In 1977 and 1978, he was a Ford Foundation fellow, travelling in Iran, Kuwait, Saudi Arabia, the Soviet Union and elsewhere to study the impact of rapid political change on architecture and planning.
He was guest curator of Promises of Paradise, a groundbreaking 2007-2008 exhibition on the design of post World War II South Florida. He also was an adviser to the Orange County Museum of Art on its 2007-2009 touring exhibition Birth of the Cool and wrote an essay for its hignly-praised, award-winning catalogue. Earlier, he was guest curator for the Denver Art Museum touring exhibition US Design: 1975-2000.He also wrote one of the essays in its catalogue. He worked with the National Building Museum on On the Job, a 2001 exhibition and catalogue about offices, and with the Fairmount Park Art Association on its New LandMarks exhibition and catalogue, which explored a new approach to public art. In 1989, he was an advisor to the Museum of Contemporary Art, Los Angeles, on its exhibition, Landmarks for Modern Living, about the post World War II Case Study House program, and he contributed an essay to its prize-winning catalogue.
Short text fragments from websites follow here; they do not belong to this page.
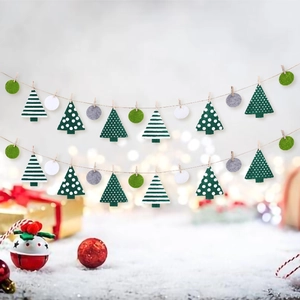 Weihnachtsgirlande aus Filz mit grün-weißen Bäumen für festliche Party-Dekorationen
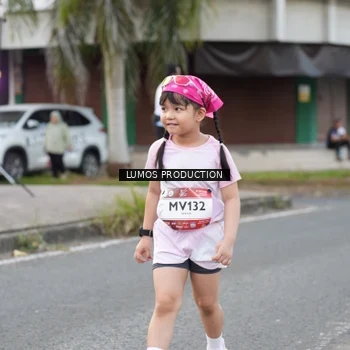 Runner Photo 7998112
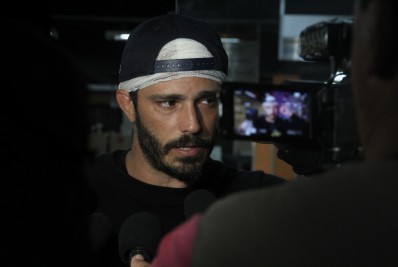 Thiago Rodrigues volta às redes sociais e se pronuncia sobre ferimentos na cabeça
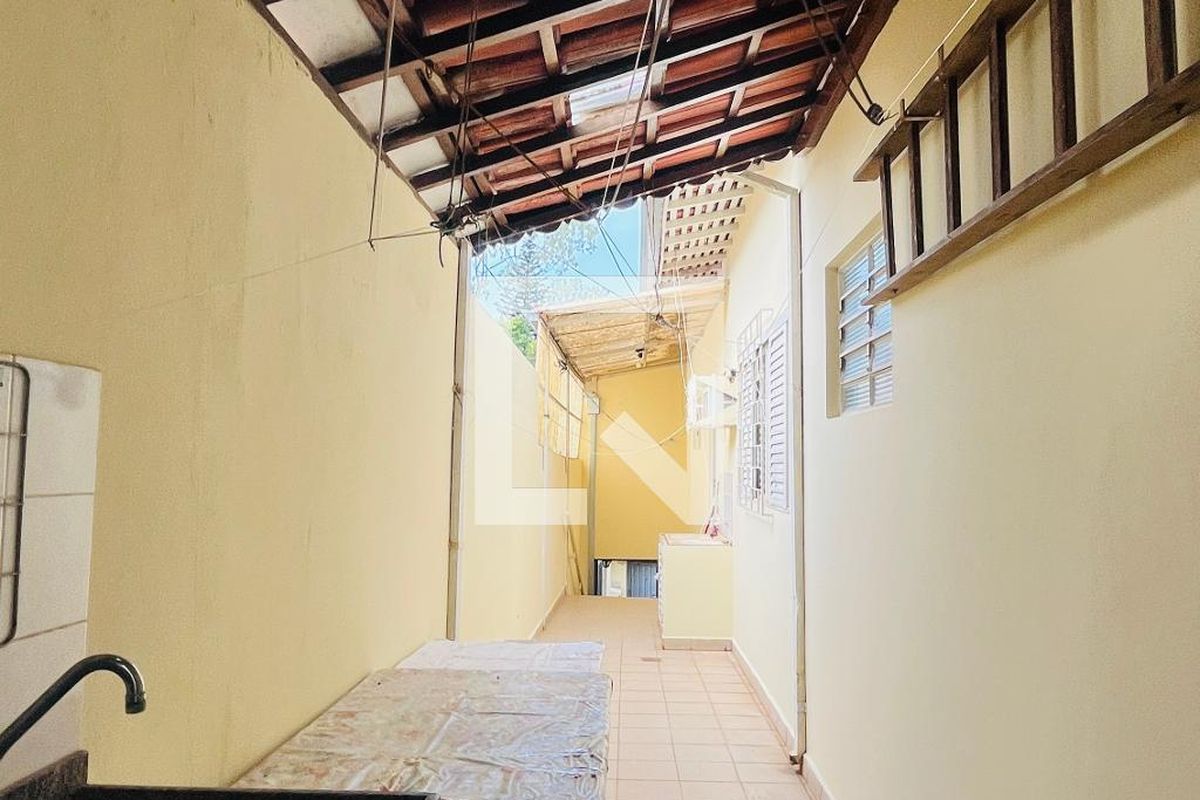Casa à Venda - Nova Campinas, 4 Quartos,  303 m2 em , Campinas - sp | SoloBR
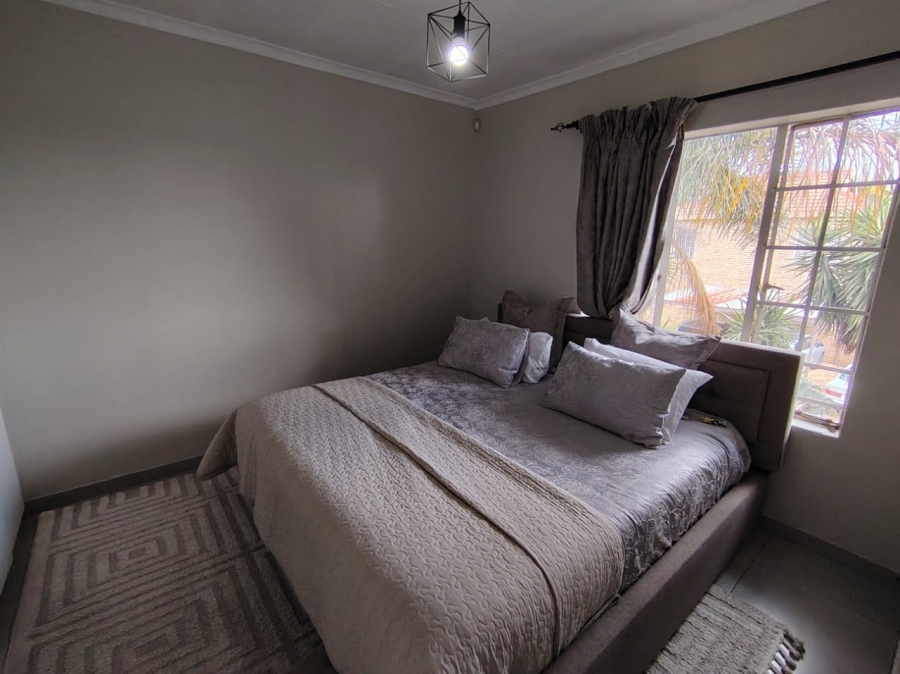 To Let 3 Bedroom Property for Rent in Heuwelsig Estate Gauteng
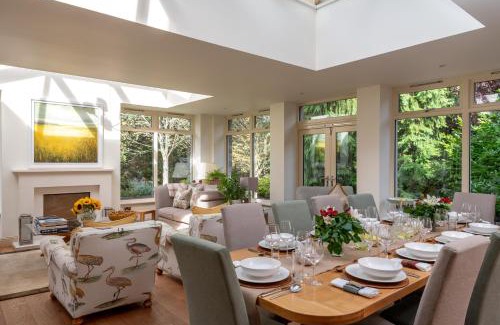 Dalkeith Villa | The Old Millhouse - Luxury Retreat with Sauna, Cold Plunge, Yoga & Swim SPA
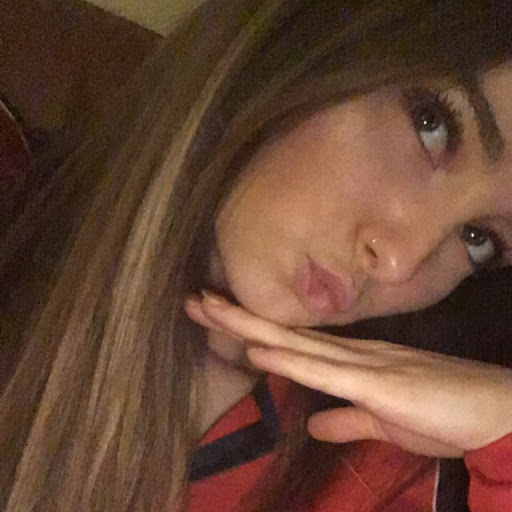 Hannah Mcgill Photo 18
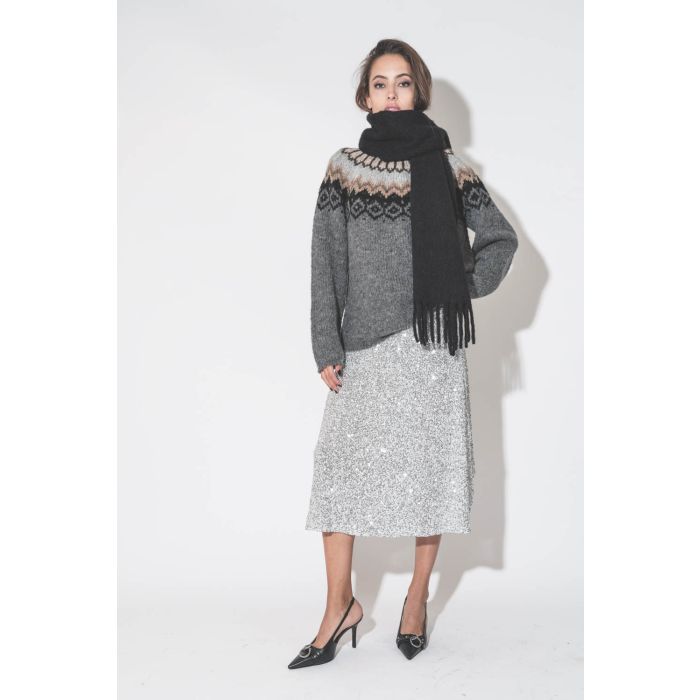 Echarpe à franges en alpaga noir Firny Isabel Marant Etoile. Porté sur un pull en alpaga péruvien.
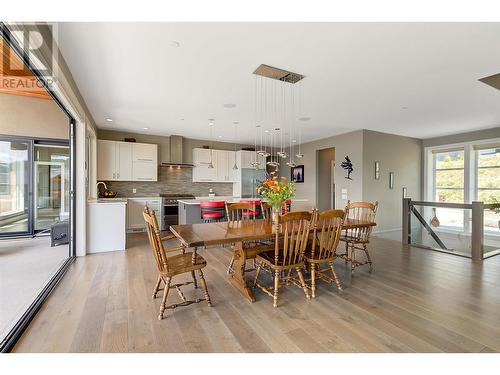 1690 Travertine Drive, Lake Country, BC - Indoor Photo Showing Dining Room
Other books to which he has contributed chapters include Volare(1999) and Material Man (2000),both created by the Fashion Engineering Unit of Florence Italy, and Life: A Century of Change (2000).
One of his most unusual projects was as multimedia editor for the electronic edition of Bartlett's Familiar Quotations. His task was to consider what still images, moving pictures, music, and sounds have become familiar quotations in our multimedia culture.
He has taught courses at both the University of Pennsylvania and Temple University. He has lectured at Yale, Syracuse, Drexel, and Michigan State Universities, museums including the Philadelphia Museum of Art, the Museum of the City of New York, the Cooper-Hewitt National Design Museum, and the Worcester Art Museum, and to professional and trade associations including the American Institute of Architects, the Canadian Pulp and Paper Association, and the Beer Marketing Symposium. He wrote and narrated a series of short programs on architecture for WHYY public television in Philadelphia, and did two programs on design for New Jersey Network. In other television appearances, he discussed packaging on the Today show, and spoke on Entertainment Tonight about the meaning of stereophonic sound.
He was born in suburban Boston, grew up in Connecticut, and graduated from Yale. He has lived in Philadelphia since 1970.